Description of the task
Restate word for word the lines below from the one that has "Pumpkin TAI021024042 Quilt Blanket" through the one that has "Just E Joy Watch", keeping both and dropping all pictures.

Saved entries:
--

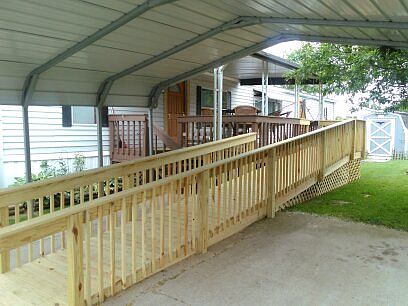Wheelchair ramp built 2015
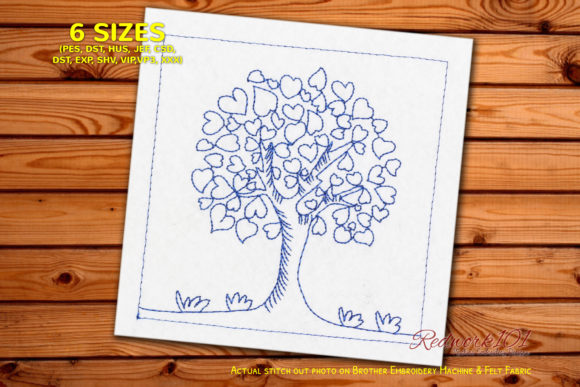 Love Tree Leaves Machine: An Embroidery Designer's Take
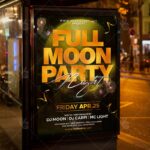 Download Full Moon Party Night Flyer - PSD Template-3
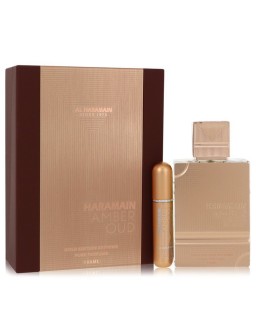 Al Haramain Amber Oud Gold Edition Extreme by Al Haramain Gift Set 3.4 oz 3.4 Pure Perfume Spray + 0.34 oz Refillable Spray (Women)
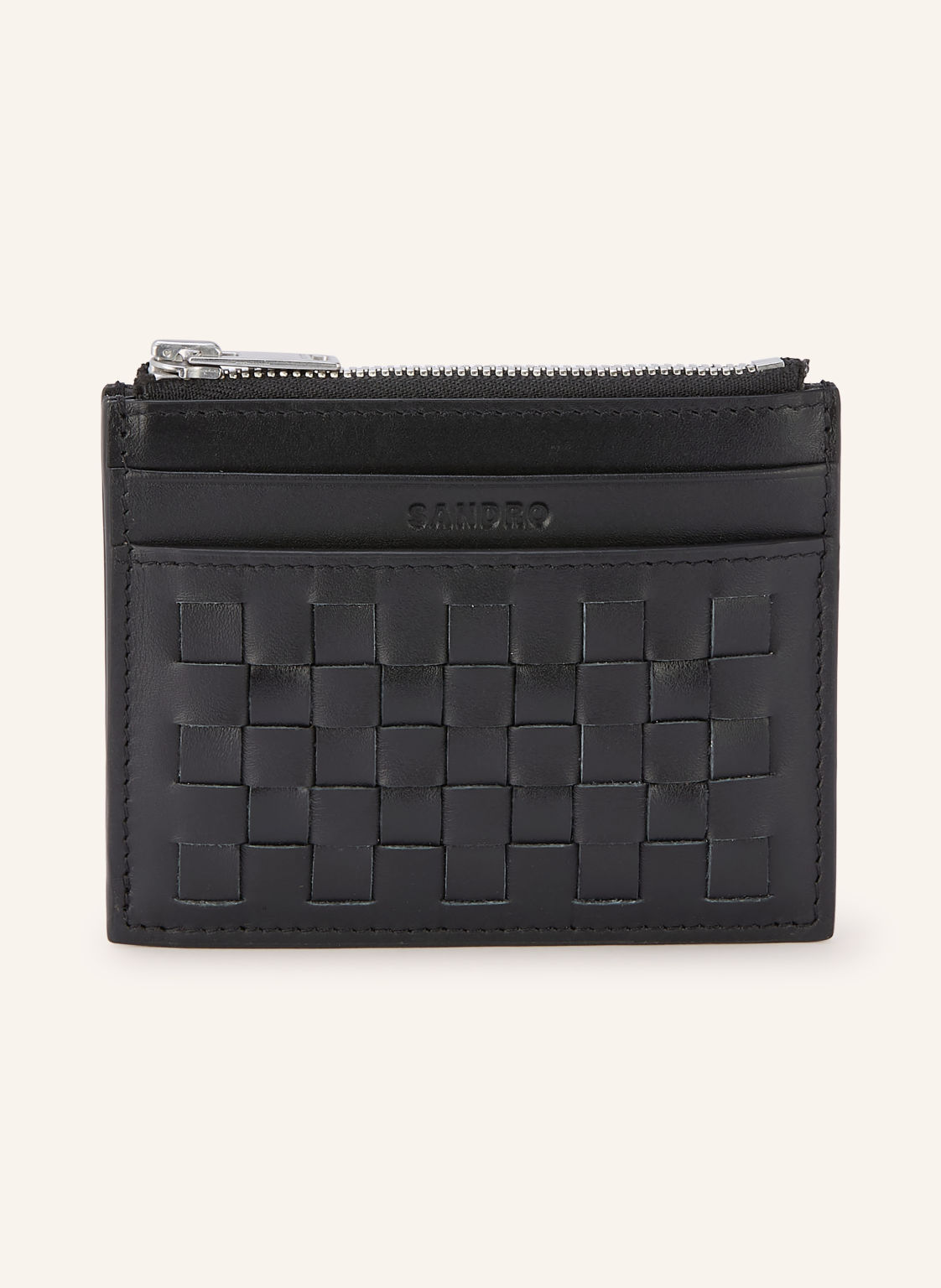 Sandro Etui Na Karty Z Przegródką Na Monety schwarz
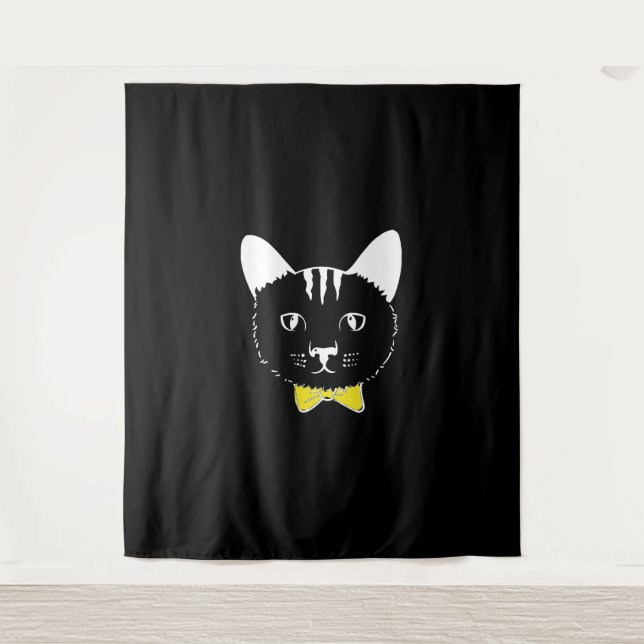 Tenture Chat drôle mignon (Devant)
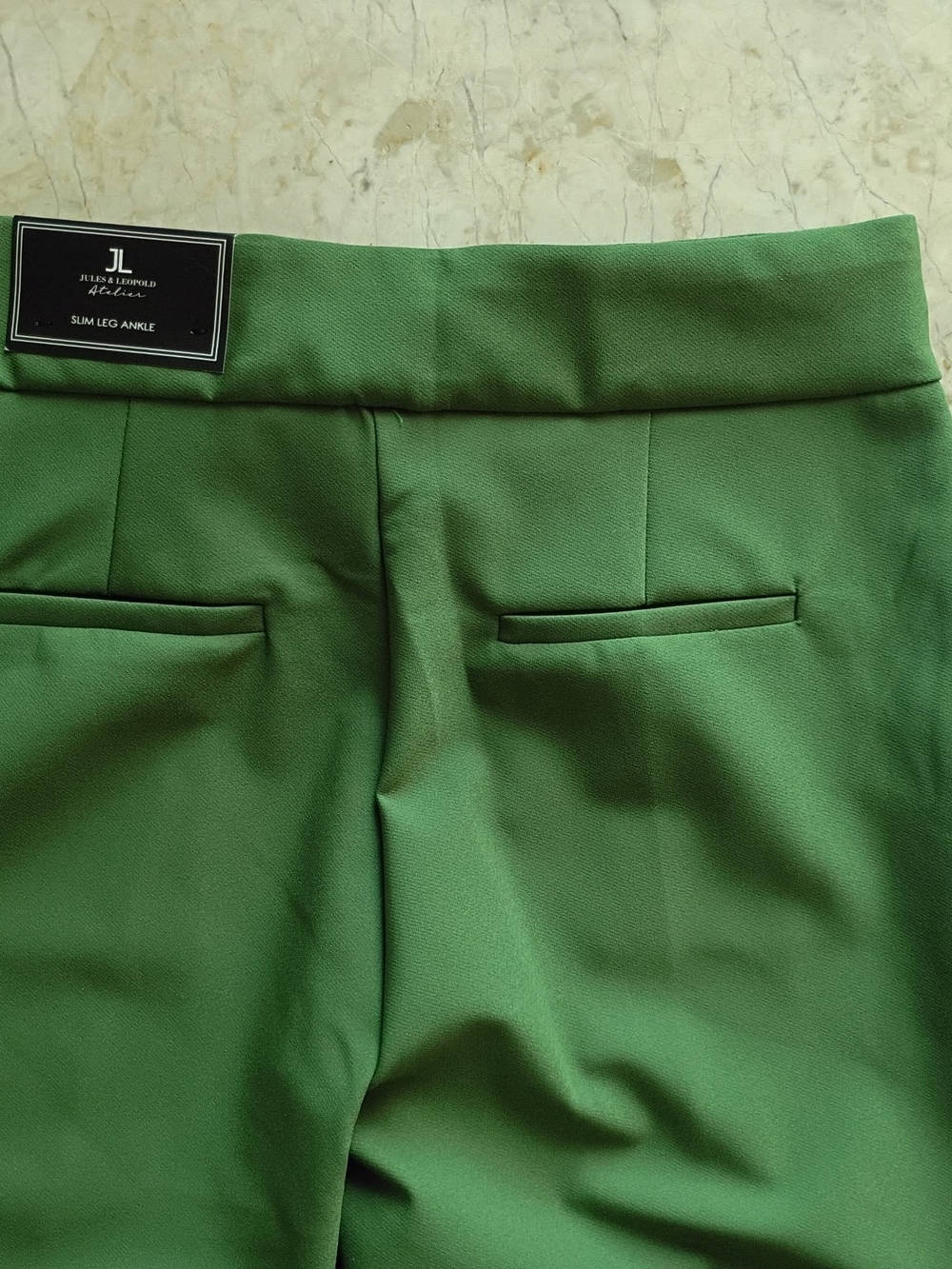 J.L. Atelier Green Ankle-Length Women's Trousers - Classic Fit SZ S P - Picture 3 of 4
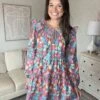 Floral Tiered Ruffle Long Sleeve Mini Dress | S - 3XL -STACCAT Clothing Shop 7m14jrkB3eou4c6WXOuDTDS3VEFFTHphWowvuo1I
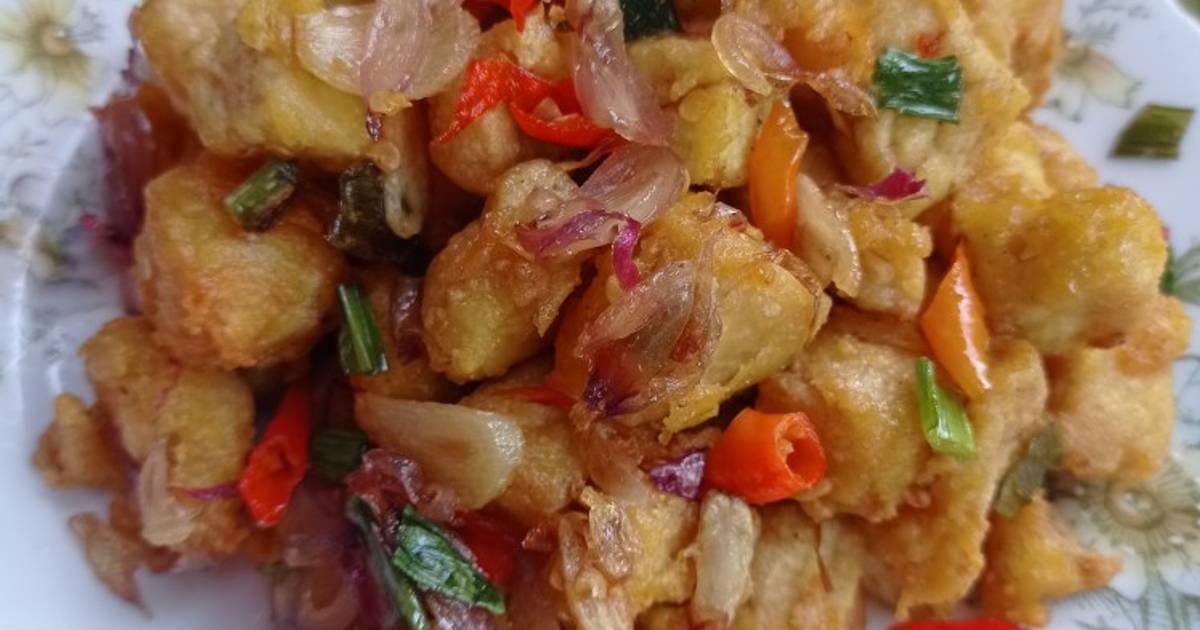 Resep Tahu Krispi Cabe Bawang Oleh Febie Kurnia Cookpad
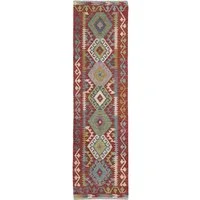 CABBEL Orientteppich 289x83 cm Kilim Multicolor Kelim Teppich Schurwolle Handgewebt Unikat, rechteckig, Höhe: 4 mm, 100% Schurwolle – weich und pflegeleicht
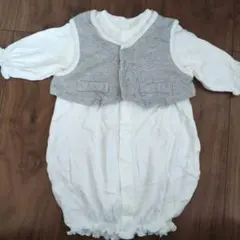 ベスト付きセレモニードレス　50-60 フリル帽子付き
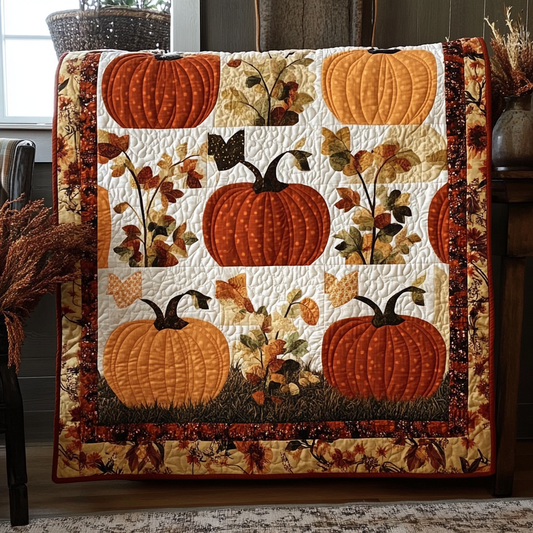 Pumpkin TAI021024042 Quilt Blanket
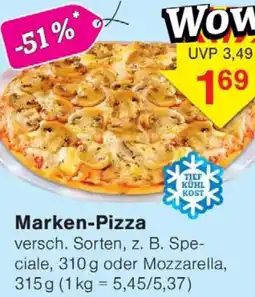 Wiglo Wunderland Marken-Pizza Angebot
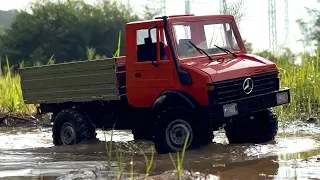 1/12 Scale RC : LDRC Unimog(Differential Lock Two Speed Metal Transmission) Unboxing & first Drive.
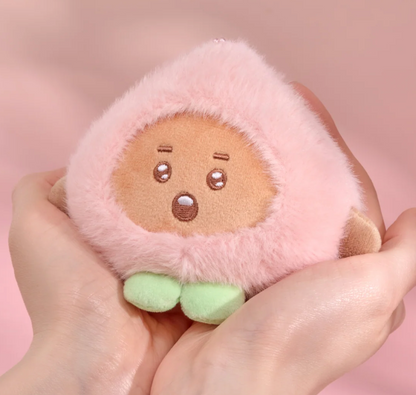New Release- BT21 PEACH HOLIC PLUSH KEYRING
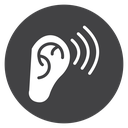 Listening Black Filled icon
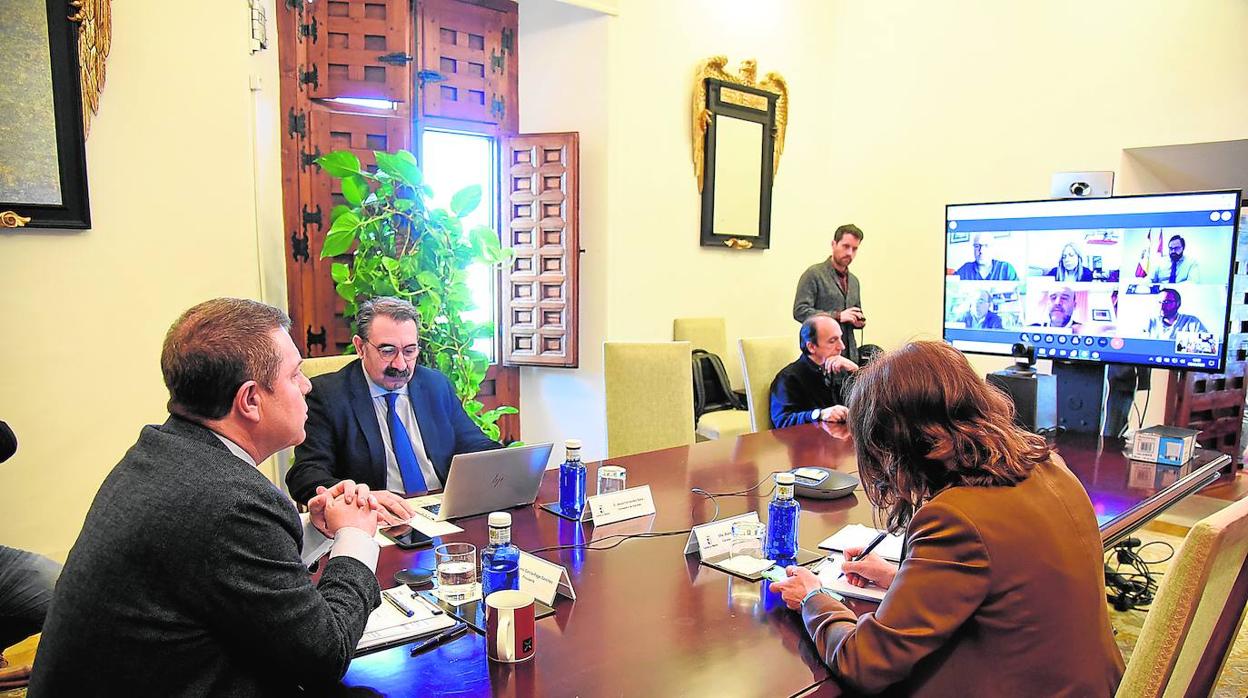 Page ha hablado este sábado por videoconferencia con los representantes de los partidos políticos de la región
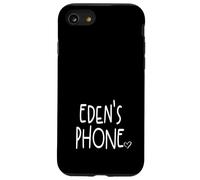Eden's Phone Eden Nombre Personalizado Blanco Negro Carcasa para iPhone SE (2020) / 7 / 8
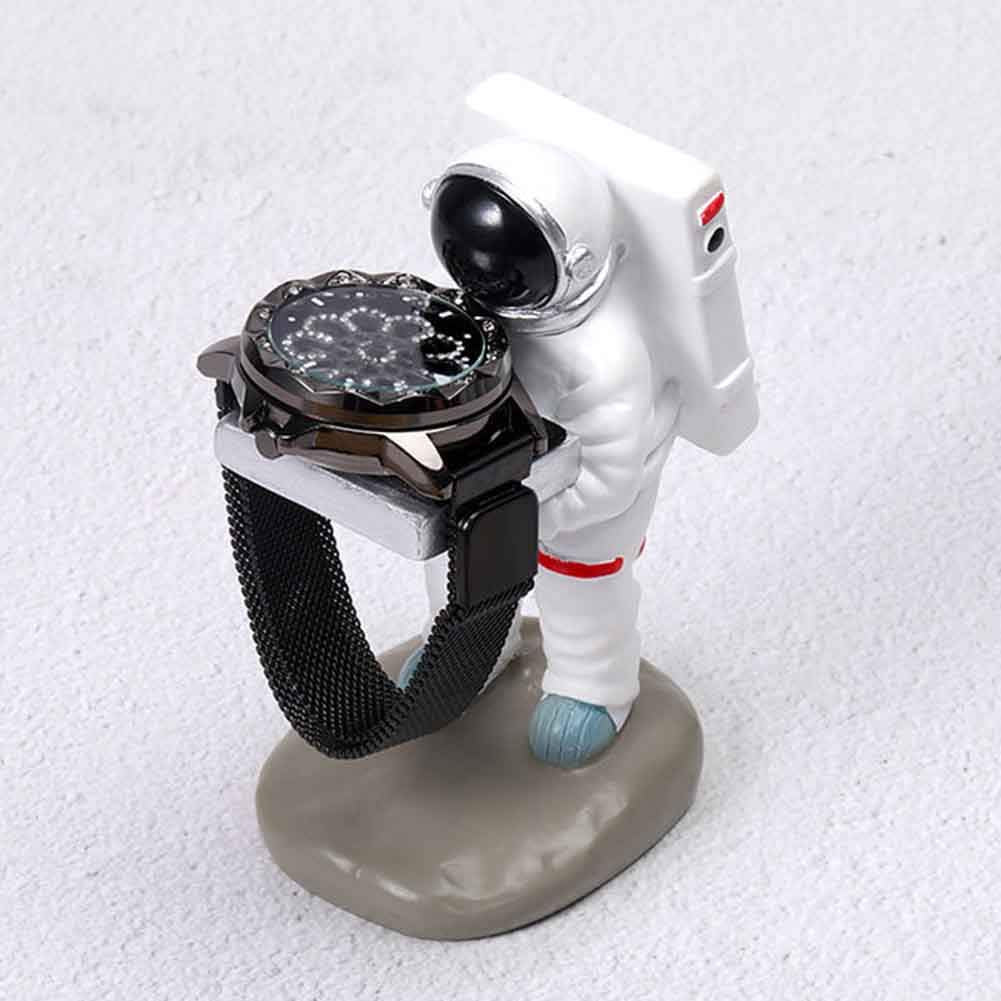 Just E Joy Watch Display Stand Old Housekeeper/Astronaut Resin Figurine Model Watch Holder Decoration Storage Rack for Jewelry Watch Bracelet…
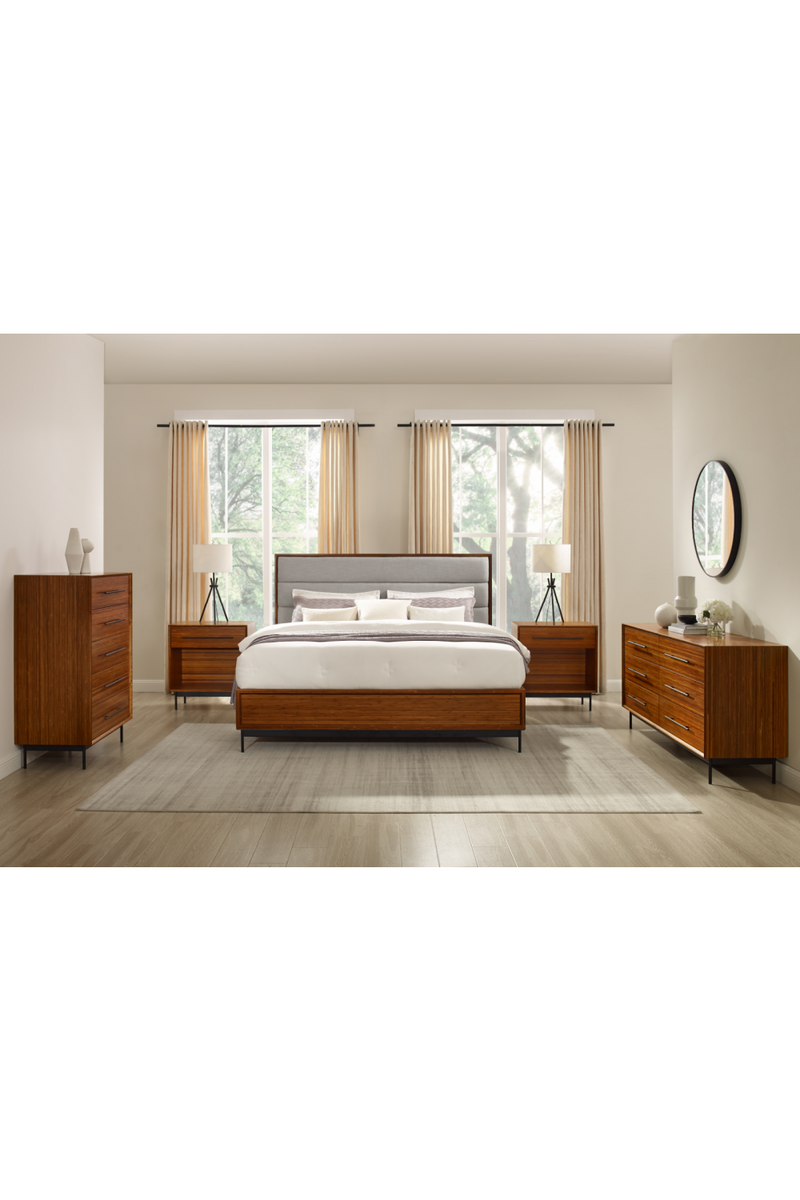 Bamboo Upholstered Platform Bed | Greenington Taylor | Woodfurniture.com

--

Answer to the problem
 Pumpkin TAI021024042 Quilt Blanket
 Wiglo Wunderland Marken-Pizza Angebot
 1/12 Scale RC : LDRC Unimog(Differential Lock Two Speed Metal Transmission) Unboxing & first Drive.
New Release- BT21 PEACH HOLIC PLUSH KEYRING
 Listening Black Filled icon
 Page ha hablado este sábado por videoconferencia con los representantes de los partidos políticos de la región
Eden's Phone Eden Nombre Personalizado Blanco Negro Carcasa para iPhone SE (2020) / 7 / 8
 Just E Joy Watch Display Stand Old Housekeeper/Astronaut Resin Figurine Model Watch Holder Decoration Storage Rack for Jewelry Watch Bracelet…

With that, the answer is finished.